» Work order: Go through the listing below and output exactly the line with "Football quiz games", the line with "Rhinestone Decor Watch", and each line between; omit the rest.

++++ Input

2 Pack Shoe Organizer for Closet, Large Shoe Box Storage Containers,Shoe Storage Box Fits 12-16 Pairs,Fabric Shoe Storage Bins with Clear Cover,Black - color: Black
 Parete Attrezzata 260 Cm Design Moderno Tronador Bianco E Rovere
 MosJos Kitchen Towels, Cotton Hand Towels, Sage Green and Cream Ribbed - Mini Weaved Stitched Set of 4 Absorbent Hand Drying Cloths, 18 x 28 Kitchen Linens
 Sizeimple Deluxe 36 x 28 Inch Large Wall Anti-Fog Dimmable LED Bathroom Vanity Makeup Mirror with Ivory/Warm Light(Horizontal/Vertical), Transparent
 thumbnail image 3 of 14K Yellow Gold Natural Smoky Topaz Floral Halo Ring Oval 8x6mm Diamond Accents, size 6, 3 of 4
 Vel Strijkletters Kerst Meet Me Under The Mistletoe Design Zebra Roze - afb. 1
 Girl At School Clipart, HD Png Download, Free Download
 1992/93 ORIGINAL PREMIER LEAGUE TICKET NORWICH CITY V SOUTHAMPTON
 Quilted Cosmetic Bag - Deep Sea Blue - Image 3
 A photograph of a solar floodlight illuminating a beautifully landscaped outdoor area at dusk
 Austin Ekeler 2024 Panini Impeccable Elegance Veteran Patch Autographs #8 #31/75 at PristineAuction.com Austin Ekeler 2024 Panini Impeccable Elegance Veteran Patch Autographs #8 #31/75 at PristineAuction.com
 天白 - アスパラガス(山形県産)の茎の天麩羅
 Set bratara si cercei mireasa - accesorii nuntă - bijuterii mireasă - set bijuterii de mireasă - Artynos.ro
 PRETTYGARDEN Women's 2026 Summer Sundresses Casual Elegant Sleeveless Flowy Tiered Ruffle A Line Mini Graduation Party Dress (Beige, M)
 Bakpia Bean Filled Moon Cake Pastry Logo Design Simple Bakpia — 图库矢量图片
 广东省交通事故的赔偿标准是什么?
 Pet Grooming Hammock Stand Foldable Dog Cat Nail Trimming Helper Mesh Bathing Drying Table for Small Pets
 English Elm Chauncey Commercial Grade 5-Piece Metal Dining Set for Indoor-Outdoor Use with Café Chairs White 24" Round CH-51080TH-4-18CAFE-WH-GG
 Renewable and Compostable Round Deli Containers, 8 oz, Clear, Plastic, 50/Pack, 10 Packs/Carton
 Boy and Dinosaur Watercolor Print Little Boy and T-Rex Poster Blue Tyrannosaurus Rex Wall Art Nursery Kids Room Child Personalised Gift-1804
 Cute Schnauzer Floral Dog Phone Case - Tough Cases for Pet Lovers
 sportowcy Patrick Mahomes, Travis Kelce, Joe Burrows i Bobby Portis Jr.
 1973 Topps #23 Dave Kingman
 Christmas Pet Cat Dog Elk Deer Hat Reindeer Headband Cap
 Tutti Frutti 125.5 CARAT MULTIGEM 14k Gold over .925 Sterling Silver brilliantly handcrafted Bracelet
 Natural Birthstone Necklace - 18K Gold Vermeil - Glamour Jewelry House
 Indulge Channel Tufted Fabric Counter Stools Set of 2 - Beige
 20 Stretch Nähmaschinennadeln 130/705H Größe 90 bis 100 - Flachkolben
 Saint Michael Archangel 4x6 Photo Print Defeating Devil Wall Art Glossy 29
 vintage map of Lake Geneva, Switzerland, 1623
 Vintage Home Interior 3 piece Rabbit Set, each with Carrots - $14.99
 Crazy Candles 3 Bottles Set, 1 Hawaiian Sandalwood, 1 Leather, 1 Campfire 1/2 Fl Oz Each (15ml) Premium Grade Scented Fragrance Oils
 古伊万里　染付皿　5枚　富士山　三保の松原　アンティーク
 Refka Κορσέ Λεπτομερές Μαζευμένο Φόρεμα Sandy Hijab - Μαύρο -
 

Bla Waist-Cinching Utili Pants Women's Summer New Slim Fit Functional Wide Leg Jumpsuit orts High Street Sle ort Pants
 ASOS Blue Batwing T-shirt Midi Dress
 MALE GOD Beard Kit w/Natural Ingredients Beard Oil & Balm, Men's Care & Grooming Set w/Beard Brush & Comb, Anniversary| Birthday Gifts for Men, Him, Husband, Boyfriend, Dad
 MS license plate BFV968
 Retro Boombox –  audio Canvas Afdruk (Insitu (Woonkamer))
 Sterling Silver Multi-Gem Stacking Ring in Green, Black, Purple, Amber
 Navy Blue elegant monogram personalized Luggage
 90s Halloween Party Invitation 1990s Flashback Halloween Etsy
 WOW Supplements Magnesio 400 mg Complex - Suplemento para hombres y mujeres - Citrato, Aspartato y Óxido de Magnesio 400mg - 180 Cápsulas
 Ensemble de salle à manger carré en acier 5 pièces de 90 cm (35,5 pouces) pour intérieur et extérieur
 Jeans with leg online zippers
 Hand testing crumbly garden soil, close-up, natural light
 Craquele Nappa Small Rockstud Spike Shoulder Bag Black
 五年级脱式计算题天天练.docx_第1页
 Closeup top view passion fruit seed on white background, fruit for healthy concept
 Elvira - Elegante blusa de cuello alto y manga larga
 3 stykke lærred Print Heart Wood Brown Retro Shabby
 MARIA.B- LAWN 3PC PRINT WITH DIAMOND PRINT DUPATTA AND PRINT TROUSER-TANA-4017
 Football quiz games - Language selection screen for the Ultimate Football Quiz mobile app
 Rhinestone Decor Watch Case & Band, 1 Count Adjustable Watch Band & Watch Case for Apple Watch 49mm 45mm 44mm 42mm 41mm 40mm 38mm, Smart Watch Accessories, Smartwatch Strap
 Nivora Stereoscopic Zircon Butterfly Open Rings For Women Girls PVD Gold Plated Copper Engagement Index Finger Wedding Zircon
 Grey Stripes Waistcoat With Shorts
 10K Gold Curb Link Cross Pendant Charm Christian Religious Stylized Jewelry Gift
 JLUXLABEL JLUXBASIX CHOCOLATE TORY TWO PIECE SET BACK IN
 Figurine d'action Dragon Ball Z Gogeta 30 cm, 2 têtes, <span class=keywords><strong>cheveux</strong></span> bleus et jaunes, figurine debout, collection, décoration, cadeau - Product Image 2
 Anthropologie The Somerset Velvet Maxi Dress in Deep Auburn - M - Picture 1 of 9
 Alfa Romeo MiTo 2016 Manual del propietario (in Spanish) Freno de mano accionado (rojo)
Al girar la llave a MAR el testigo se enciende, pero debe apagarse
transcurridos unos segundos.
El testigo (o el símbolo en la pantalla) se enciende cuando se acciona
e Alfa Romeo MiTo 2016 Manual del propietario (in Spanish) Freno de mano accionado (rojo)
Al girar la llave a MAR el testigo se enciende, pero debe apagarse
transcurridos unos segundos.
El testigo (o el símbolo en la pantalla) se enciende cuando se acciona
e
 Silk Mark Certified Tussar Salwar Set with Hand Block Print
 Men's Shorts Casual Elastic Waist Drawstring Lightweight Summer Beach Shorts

++++++++

» Solution for this exercise:
 Football quiz games - Language selection screen for the Ultimate Football Quiz mobile app
 Rhinestone Decor Watch Case & Band, 1 Count Adjustable Watch Band & Watch Case for Apple Watch 49mm 45mm 44mm 42mm 41mm 40mm 38mm, Smart Watch Accessories, Smartwatch Strap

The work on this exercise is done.